Statistical and Machine Learning Methods for Evaluating Trends in Air
Quality under Changing Meteorological Conditions
Abstract
Evaluating the influence of anthropogenic emissions changes on air
quality requires accounting for the influence of meteorological
variability. Statistical methods such as multiple linear regression
(MLR) models with basic meteorological variables are often used to
remove meteorological variability and estimate trends in measured
pollutant concentrations attributable to emissions changes. However, the
ability of these widely-used statistical approaches to correct for
meteorological variability remains unknown, limiting their usefulness in
the real-world policy evaluations. Here, we quantify the performance of
MLR and other quantitative methods using two scenarios simulated by a
chemical transport model, GEOS-Chem, as a synthetic dataset. Focusing on
the impacts of anthropogenic emissions changes in the US (2011 to 2017)
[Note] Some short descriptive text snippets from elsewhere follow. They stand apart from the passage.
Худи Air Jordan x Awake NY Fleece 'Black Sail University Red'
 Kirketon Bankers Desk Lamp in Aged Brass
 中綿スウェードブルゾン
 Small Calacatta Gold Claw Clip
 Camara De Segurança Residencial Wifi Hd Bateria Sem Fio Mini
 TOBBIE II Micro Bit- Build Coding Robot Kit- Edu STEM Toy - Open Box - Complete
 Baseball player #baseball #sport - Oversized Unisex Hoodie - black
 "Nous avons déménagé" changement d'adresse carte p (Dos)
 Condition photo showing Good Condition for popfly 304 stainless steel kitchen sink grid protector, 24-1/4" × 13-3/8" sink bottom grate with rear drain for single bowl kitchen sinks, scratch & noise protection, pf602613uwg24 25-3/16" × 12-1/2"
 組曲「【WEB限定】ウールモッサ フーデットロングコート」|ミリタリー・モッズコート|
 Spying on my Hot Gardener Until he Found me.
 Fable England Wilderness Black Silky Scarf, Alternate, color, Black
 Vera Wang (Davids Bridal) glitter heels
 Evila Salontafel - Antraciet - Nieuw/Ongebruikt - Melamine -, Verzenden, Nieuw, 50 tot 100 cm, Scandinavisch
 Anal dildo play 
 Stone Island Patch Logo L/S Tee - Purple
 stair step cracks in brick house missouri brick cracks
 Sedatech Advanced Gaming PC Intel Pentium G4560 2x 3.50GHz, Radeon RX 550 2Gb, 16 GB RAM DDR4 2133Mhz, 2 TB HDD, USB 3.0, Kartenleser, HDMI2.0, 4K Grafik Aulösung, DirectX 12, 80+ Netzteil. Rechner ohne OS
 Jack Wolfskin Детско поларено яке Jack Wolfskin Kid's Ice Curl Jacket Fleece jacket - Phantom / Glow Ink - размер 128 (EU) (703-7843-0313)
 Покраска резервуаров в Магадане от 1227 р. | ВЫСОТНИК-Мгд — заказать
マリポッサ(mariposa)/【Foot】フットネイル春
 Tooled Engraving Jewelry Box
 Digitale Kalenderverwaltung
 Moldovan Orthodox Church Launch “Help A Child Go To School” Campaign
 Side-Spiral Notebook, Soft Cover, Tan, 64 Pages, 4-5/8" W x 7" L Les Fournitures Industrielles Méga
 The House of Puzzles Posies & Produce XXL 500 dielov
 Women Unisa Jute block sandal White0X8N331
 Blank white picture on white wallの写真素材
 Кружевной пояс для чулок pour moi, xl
and China (2013 to 2017) on PM2.5 and O3, we show that widely-used
regression methods do not perform well in correcting for meteorological
variability and identifying long-term trends in ambient pollution
related to changes in emissions. The estimation errors, characterized as
the differences between meteorology-corrected trends and emission-driven
trends under constant meteorology scenarios, can be reduced by 30%-42%
using a random forest model that incorporates both local and regional
scale meteorological features. We further design a correction method
based on GEOS-Chem simulations with constant emission input and quantify
the degree to which emissions and meteorological influences are
inseparable, due to their process-based interactions. We conclude by
providing recommendations for evaluating the effectiveness of emissions
reduction policies using statistical approaches.